* **Work to be completed**: Could you give the records below again exactly, without the pictures?

[Brief descriptive captions]

=======

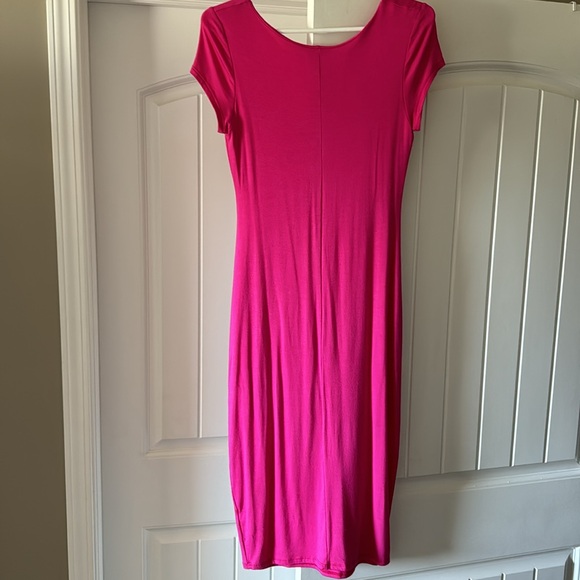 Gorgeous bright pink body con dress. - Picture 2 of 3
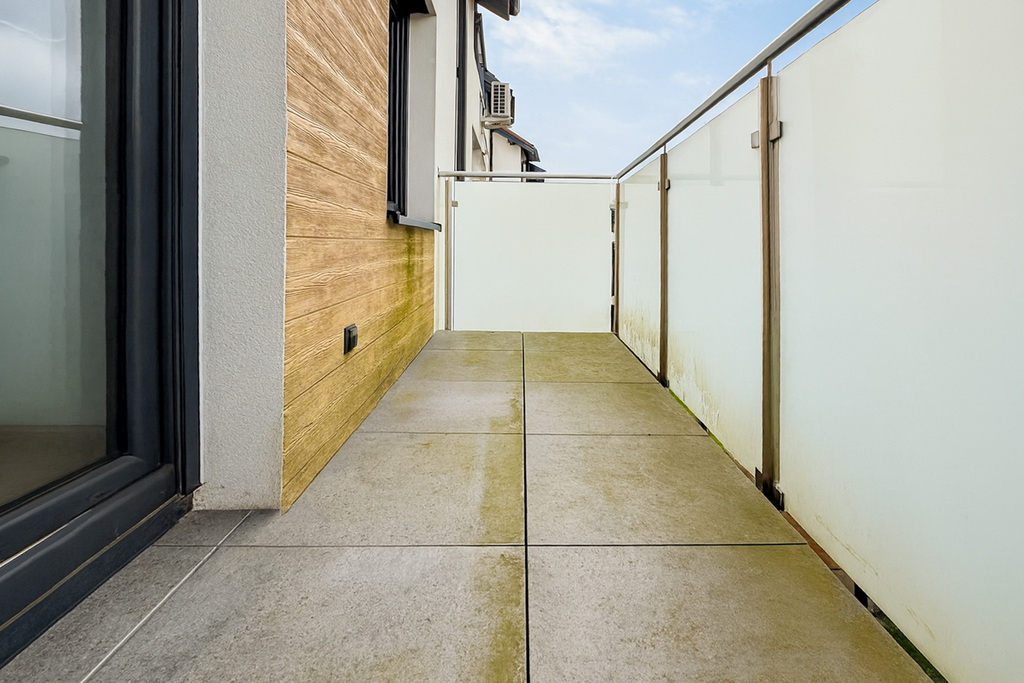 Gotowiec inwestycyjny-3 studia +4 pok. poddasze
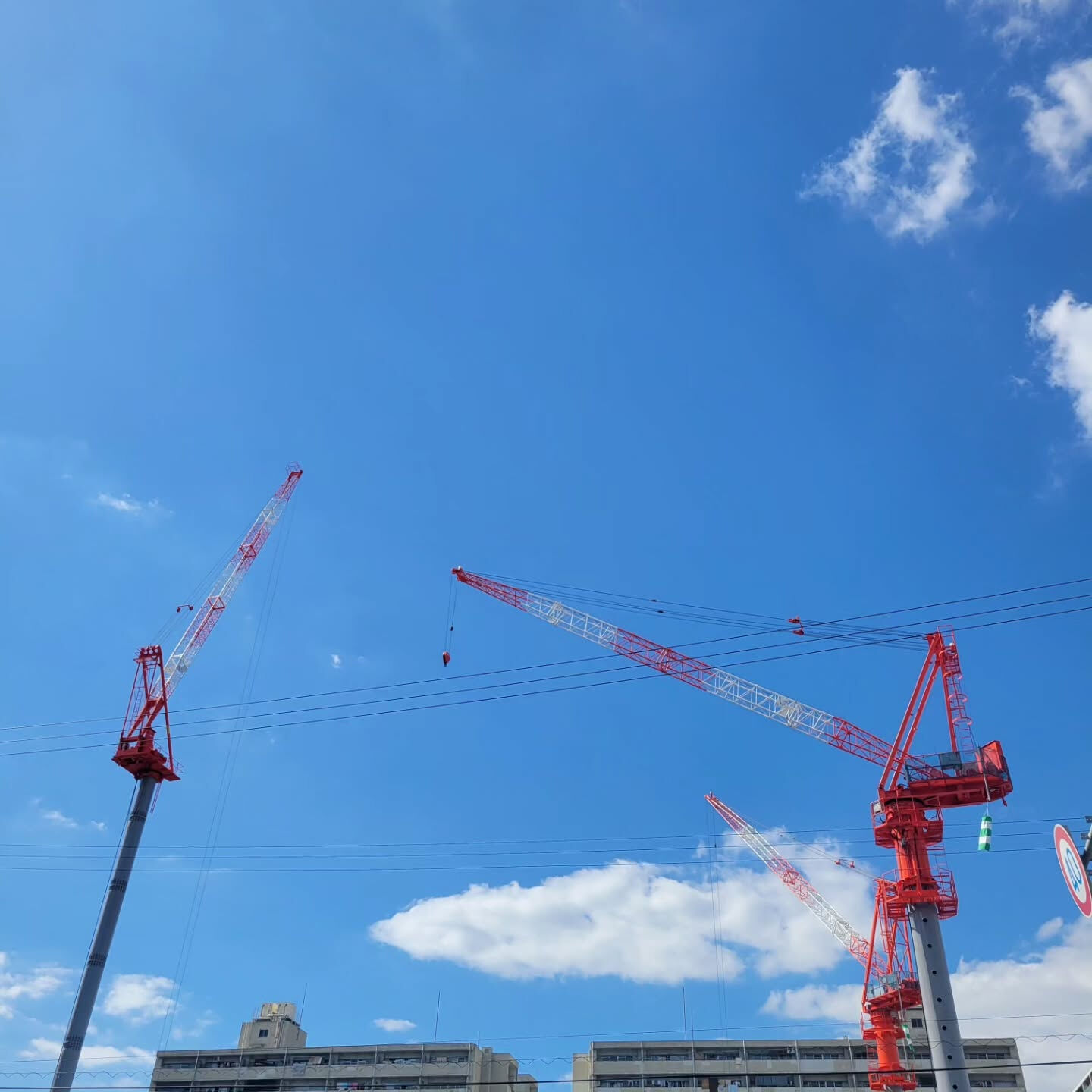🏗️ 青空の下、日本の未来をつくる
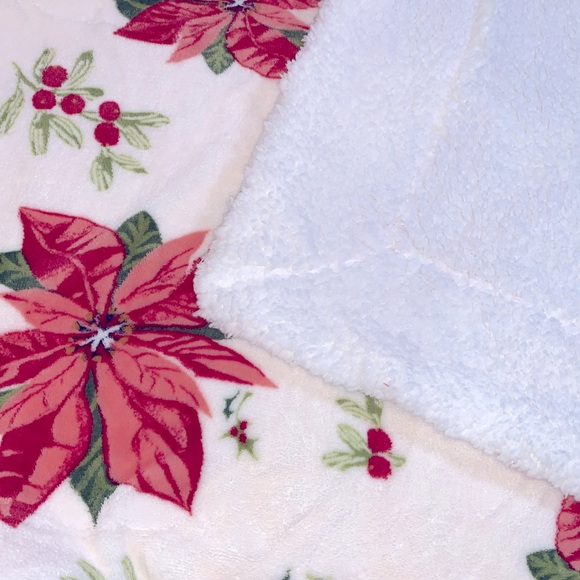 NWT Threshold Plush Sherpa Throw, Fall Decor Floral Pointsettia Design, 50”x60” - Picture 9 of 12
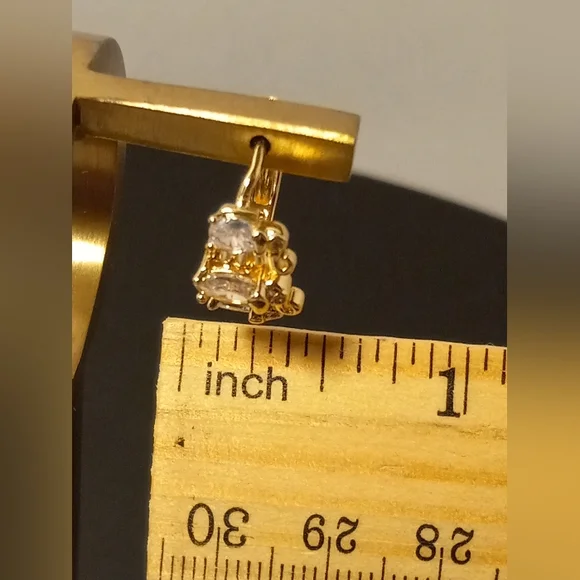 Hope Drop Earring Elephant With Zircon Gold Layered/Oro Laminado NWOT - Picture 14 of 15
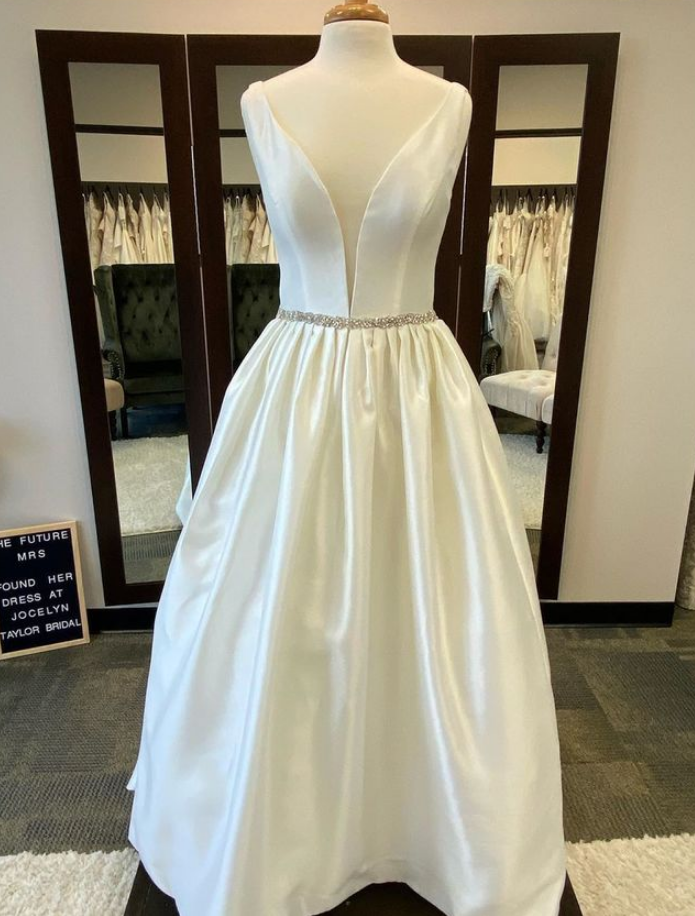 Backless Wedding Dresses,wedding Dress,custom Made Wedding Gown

=======

* **Exercise answer**:
 Gorgeous bright pink body con dress. - Picture 2 of 3
 Gotowiec inwestycyjny-3 studia +4 pok. poddasze
🏗️ 青空の下、日本の未来をつくる
 NWT Threshold Plush Sherpa Throw, Fall Decor Floral Pointsettia Design, 50”x60” - Picture 9 of 12
 Hope Drop Earring Elephant With Zircon Gold Layered/Oro Laminado NWOT - Picture 14 of 15
 Backless Wedding Dresses,wedding Dress,custom Made Wedding Gown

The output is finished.